--- DATA UNDER STUDY Enclosed Below ---

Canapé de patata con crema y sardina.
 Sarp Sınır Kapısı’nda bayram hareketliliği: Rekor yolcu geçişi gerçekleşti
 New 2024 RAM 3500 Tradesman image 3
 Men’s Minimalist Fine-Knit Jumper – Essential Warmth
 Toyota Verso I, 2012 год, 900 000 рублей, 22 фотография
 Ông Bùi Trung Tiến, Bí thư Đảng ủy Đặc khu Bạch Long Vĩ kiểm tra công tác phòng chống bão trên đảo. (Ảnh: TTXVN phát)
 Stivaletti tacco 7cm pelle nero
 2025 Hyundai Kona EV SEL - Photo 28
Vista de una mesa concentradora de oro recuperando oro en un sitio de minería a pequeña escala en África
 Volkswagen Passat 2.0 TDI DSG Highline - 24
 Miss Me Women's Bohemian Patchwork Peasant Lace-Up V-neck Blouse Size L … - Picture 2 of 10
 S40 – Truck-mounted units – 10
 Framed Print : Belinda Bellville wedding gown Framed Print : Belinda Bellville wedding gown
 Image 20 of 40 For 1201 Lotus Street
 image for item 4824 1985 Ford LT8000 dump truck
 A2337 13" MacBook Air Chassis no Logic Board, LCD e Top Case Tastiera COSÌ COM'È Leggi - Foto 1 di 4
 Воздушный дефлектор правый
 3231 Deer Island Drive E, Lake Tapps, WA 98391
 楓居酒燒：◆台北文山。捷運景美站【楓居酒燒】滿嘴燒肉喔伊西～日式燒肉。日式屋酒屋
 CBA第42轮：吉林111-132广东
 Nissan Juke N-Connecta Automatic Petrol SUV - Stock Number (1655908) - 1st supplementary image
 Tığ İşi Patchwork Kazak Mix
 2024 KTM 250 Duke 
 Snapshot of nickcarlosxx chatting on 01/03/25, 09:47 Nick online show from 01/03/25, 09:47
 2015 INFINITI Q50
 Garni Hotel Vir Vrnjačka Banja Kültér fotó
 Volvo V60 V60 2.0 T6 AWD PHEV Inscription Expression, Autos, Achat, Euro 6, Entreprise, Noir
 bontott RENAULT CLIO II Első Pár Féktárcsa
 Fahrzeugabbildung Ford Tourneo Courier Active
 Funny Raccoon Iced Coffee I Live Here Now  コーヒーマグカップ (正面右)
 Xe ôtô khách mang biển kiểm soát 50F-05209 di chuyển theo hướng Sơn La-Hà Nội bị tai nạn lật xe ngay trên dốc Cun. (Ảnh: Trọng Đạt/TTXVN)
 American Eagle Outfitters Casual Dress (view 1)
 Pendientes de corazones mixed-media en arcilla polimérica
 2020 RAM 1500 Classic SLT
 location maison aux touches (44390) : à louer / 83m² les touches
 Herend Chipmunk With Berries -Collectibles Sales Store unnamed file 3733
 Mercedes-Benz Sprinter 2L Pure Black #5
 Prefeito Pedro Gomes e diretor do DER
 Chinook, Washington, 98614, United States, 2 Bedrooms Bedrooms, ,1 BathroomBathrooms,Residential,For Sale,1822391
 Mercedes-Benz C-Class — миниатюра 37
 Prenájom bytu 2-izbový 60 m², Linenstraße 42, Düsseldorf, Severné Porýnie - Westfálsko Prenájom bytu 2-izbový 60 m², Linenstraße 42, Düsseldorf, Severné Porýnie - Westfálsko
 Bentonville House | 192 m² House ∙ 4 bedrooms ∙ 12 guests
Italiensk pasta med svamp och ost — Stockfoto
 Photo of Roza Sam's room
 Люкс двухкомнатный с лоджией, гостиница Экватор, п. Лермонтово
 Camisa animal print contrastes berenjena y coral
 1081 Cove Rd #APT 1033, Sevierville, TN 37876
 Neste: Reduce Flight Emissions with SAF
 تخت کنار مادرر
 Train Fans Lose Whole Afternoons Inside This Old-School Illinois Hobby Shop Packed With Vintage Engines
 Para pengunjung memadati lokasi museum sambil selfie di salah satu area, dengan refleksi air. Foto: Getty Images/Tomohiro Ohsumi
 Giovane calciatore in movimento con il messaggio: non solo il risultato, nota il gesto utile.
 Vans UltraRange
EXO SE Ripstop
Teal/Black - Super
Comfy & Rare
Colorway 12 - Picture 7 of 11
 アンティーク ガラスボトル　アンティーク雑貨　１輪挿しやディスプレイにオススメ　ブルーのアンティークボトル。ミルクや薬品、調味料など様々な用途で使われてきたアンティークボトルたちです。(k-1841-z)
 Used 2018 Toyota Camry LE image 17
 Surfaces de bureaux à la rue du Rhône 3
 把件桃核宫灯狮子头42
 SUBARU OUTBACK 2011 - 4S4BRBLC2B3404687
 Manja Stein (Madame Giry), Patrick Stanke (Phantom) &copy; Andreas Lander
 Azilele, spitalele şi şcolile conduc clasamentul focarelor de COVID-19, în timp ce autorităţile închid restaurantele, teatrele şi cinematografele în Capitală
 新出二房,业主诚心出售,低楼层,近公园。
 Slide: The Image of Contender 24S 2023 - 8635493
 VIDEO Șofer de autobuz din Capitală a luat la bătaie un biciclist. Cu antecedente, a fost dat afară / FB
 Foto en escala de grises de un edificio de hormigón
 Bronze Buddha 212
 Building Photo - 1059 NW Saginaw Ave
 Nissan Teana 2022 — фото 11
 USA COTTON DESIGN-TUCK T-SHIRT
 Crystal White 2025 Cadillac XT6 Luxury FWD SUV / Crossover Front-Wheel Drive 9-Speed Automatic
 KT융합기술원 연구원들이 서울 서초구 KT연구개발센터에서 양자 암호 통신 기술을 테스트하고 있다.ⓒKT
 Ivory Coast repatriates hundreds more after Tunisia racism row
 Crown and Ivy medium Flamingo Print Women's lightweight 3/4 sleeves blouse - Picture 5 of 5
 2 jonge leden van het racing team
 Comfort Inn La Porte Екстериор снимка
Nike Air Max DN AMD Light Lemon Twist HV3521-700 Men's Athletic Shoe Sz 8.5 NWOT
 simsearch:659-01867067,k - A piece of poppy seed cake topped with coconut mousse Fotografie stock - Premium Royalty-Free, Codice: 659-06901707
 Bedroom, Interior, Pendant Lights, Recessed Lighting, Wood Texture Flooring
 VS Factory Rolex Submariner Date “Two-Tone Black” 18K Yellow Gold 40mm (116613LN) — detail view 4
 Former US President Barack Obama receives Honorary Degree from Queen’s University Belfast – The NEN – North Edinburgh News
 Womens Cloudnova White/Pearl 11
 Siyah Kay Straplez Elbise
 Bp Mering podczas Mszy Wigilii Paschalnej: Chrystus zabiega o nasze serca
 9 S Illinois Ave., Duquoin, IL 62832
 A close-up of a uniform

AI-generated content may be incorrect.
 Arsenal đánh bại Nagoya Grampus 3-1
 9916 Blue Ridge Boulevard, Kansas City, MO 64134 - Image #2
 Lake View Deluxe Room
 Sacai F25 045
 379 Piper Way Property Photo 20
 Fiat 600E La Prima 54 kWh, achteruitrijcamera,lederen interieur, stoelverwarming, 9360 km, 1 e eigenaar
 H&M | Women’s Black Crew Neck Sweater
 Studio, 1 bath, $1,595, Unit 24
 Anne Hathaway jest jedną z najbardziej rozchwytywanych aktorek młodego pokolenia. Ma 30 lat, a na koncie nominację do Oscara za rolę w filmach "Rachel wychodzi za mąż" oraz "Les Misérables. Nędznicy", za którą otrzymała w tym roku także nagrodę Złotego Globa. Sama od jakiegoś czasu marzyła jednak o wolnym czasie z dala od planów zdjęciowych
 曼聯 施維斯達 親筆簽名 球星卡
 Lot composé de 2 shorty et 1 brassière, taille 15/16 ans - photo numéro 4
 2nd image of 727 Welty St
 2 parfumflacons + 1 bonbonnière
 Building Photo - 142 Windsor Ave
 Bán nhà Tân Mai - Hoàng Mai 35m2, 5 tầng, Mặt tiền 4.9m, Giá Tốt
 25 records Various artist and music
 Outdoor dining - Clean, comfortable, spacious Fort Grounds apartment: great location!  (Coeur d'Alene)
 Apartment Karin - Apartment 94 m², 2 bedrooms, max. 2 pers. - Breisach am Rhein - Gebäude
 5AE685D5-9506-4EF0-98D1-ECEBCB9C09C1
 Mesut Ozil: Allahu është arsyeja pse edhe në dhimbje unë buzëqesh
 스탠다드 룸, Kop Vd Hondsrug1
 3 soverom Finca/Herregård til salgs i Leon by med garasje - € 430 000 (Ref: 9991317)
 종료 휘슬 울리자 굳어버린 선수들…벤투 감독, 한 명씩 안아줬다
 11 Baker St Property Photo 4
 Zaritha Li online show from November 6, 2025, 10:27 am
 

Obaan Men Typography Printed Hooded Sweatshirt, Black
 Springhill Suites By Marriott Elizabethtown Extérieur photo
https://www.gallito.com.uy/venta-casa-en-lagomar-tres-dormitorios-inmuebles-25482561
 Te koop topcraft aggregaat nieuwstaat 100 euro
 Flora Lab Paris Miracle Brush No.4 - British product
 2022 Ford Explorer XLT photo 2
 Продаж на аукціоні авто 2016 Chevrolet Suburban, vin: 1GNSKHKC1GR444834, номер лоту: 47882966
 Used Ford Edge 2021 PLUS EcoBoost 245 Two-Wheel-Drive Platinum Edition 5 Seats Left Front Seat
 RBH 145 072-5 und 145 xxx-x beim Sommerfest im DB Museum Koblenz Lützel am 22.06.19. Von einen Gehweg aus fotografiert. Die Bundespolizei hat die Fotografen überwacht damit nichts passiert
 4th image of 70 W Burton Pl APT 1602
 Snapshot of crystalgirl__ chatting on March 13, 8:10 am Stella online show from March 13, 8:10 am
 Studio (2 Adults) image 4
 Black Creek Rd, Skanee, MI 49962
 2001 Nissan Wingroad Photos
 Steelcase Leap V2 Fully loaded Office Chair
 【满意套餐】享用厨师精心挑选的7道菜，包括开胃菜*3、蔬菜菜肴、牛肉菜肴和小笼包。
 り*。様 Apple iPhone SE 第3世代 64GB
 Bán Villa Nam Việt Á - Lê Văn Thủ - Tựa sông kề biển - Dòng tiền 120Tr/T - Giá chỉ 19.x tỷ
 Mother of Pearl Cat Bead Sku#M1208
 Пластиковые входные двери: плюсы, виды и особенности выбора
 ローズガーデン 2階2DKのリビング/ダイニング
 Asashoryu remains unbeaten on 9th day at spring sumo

--- End of Enclosed DATA UNDER STUDY ---

TASK INSTRUCTIONS
Return a word-for-word copy of the lines above from the one holding "アンティーク ガラスボトル　アンティーク" through the one holding "Nike Air Max", with both of them included and nothing besides.

EXPECTED OUTPUT
 アンティーク ガラスボトル　アンティーク雑貨　１輪挿しやディスプレイにオススメ　ブルーのアンティークボトル。ミルクや薬品、調味料など様々な用途で使われてきたアンティークボトルたちです。(k-1841-z)
 Used 2018 Toyota Camry LE image 17
 Surfaces de bureaux à la rue du Rhône 3
 把件桃核宫灯狮子头42
 SUBARU OUTBACK 2011 - 4S4BRBLC2B3404687
 Manja Stein (Madame Giry), Patrick Stanke (Phantom) &copy; Andreas Lander
 Azilele, spitalele şi şcolile conduc clasamentul focarelor de COVID-19, în timp ce autorităţile închid restaurantele, teatrele şi cinematografele în Capitală
 新出二房,业主诚心出售,低楼层,近公园。
 Slide: The Image of Contender 24S 2023 - 8635493
 VIDEO Șofer de autobuz din Capitală a luat la bătaie un biciclist. Cu antecedente, a fost dat afară / FB
 Foto en escala de grises de un edificio de hormigón
 Bronze Buddha 212
 Building Photo - 1059 NW Saginaw Ave
 Nissan Teana 2022 — фото 11
 USA COTTON DESIGN-TUCK T-SHIRT
 Crystal White 2025 Cadillac XT6 Luxury FWD SUV / Crossover Front-Wheel Drive 9-Speed Automatic
 KT융합기술원 연구원들이 서울 서초구 KT연구개발센터에서 양자 암호 통신 기술을 테스트하고 있다.ⓒKT
 Ivory Coast repatriates hundreds more after Tunisia racism row
 Crown and Ivy medium Flamingo Print Women's lightweight 3/4 sleeves blouse - Picture 5 of 5
 2 jonge leden van het racing team
 Comfort Inn La Porte Екстериор снимка
Nike Air Max DN AMD Light Lemon Twist HV3521-700 Men's Athletic Shoe Sz 8.5 NWOT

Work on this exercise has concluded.